Надежды у людей больше, но смерть по-прежнему повсюду. В Ирпене я был на кладбище и встретил там молодого человека, который пришел на могилы всей своей семьи. Они остались в городе, смогли пережить российскую оккупацию. Но как-то ночью, уже после освобождения Ирпеня, отключили электричество, и семья развела во дворе костер, чтобы согреться. Молодой человек был в отъезде, а когда вернулся, то обнаружил, что его семья — родители, бабушка, дядя с детьми — погибла при авианалете.
Буча, по сути, стала синонимом российских военных преступлений. Я был там вскоре после освобождения и в какой-то момент даже сопровождал команду украинских криминалистов, которые по горячим следам фиксировали свидетельства ужасающих преступлений. Российские войска устроили серию казней незадолго до нашего приезда.
Это было ужасающее место. В одном из домов я видел труп собаки, над которым стоял живой пес и пытался понять, что же не так. В другом доме мы обнаружили три бездыханных человеческих тела прямо в саду. Рядом с местным заводом я увидел тела двух мужчин, одному из них российские солдаты отрубили голову. Пожилого мужчину застрелили, когда он ехал по улице на велосипеде, рядом с его трупом были разбросаны продукты, которые он вез. Я никак не мог понять, почему его убили. Иногда от людей оставались только обугленные останки.
В здании, где базировались российские солдаты, лежали тела убитых ими местных жителей. У некоторых руки были связаны за спиной. Ничего подобного я не видел со времен войны в бывшей Югославии много лет назад.

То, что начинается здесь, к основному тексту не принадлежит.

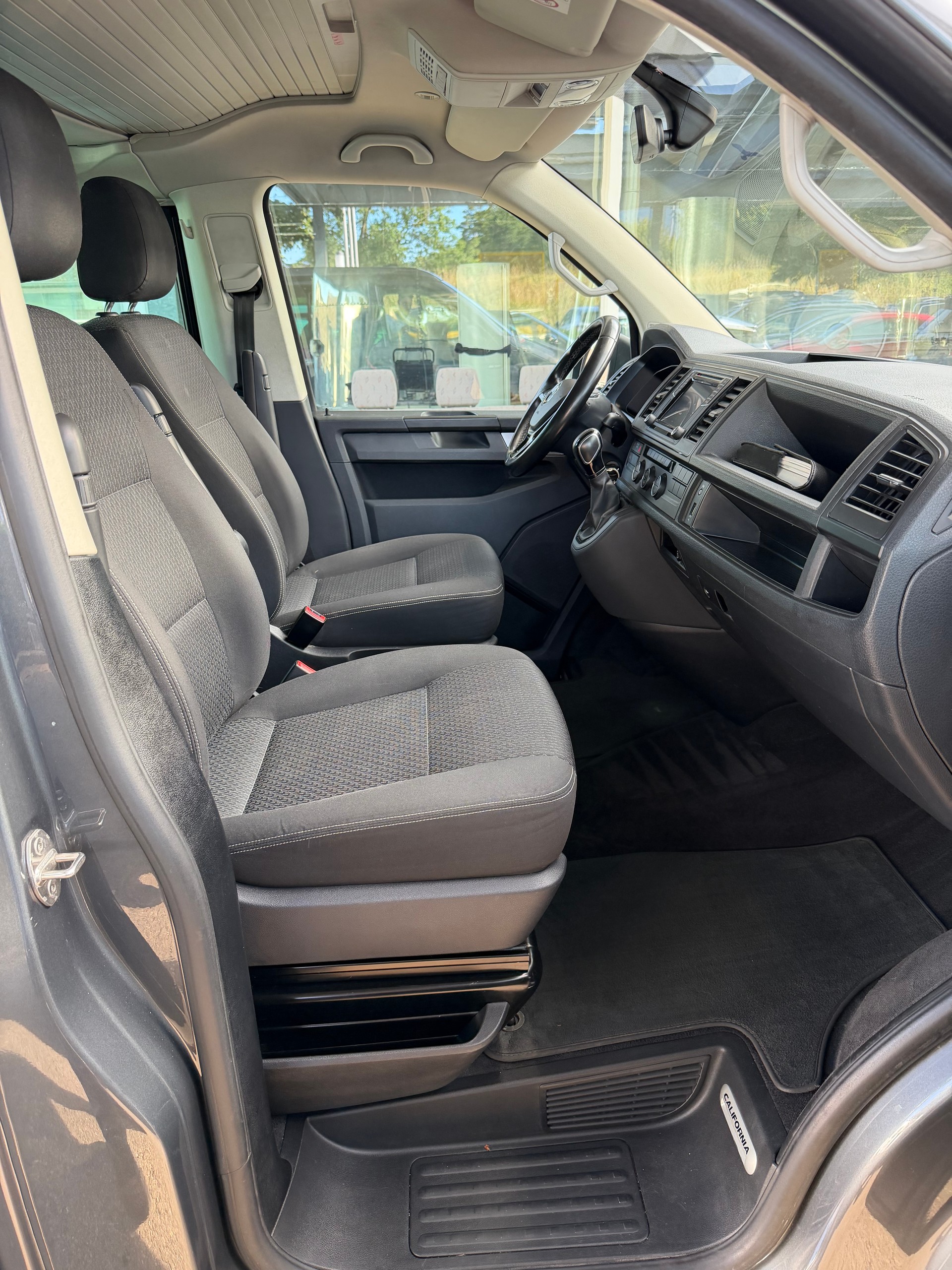 VW T6 California 2.0 TDI Beach DSG-image-17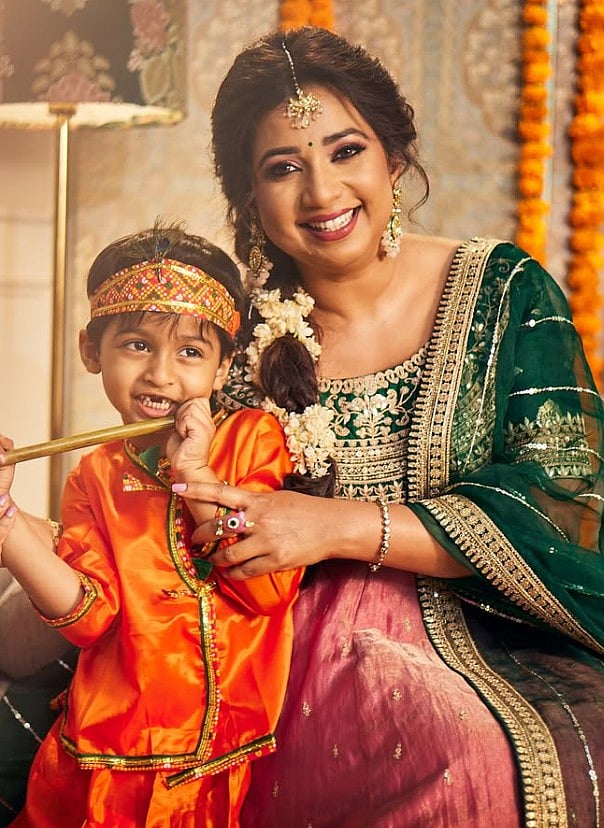 सिनेजीवन: अपने बेटे को कान्हा रूप में देख भावुक हो उठीं श्रेया घोषाल और सोहा अली खान ने बताए फिट रहने के राज
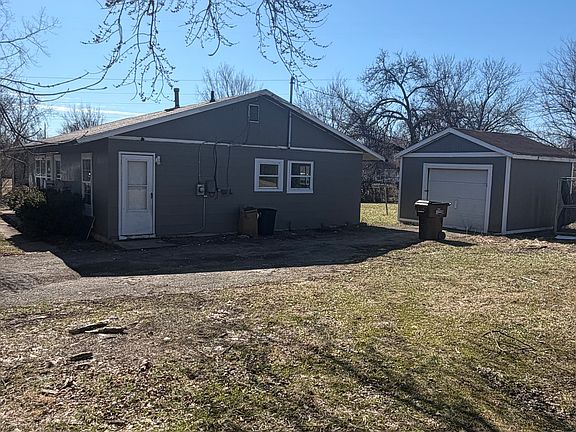 3rd image of 1357 Watkins Pl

Рядом с церковью в Буче мы обнаружили массовое захоронение. Украинцы начали эксгумацию, выкапывали из земли один труп за другим. Люди приходили туда, чтобы попробовать опознать своих родственников. Особенно мне врезалась в память такая картина: украинский солдат сидит на кладбище, а перед ним разложены четные мешки с человеческими останками. Он фиксировал число погибших. Трагедии превратились в статистику. Помню, как он жевал шариковую ручку. Совершенно сюрреалистическая смесь ужаса и бюрократии.
Новые массовые захоронения находили постоянно. Например, в Изюме, где я побывал в декабре, пару месяцев спустя после обнаружения могил. Там были похоронены больше 400 человек, в том числе известный детский писатель. Земля была вся изрыта — где-то танками, а где-то поисковиками.
Тогда же, в декабре, я был в Слатино, к северу от Харькова. Это был один из первых населенных пунктов, которые оккупировали россияне, а освобожден он был в конце апреля. Через дорогу от железнодорожной станции я повстречал бабушку, которая стала показывать мне город. Она отвела меня в здание, где располагался штаб российских войск. Говорила, что русские относились к местным жителям сносно, но явно собирались остаться в Слатино надолго. В штабе после себя оккупанты оставили боксерскую грушу — не очень похоже на то, что берут с собой в блицкриг. Когда несколько часов спустя я вернулся на станцию, то заметил там граффити: перечеркнутая буква Z и слова «Welkome to the Ukraine, сука».
В свою последнюю поездку я слышал о войне очень разное. Одни постоянно говорят, что Украине нужна помощь с оружием, другие пытаются понять, когда же все кончится. В целом люди утомлены, но они научились выживать. А еще они знают, что война — это надолго. Вовсю обсуждают новое российское наступление, сотни тысяч солдат, которых собирают по ту сторону границы.
Но национальный дух украинцев по-прежнему силен. Многие могли бы покинуть страну, но решили остаться. Здесь — их дом. Они — украинцы, и они хотят жить на украинской земле.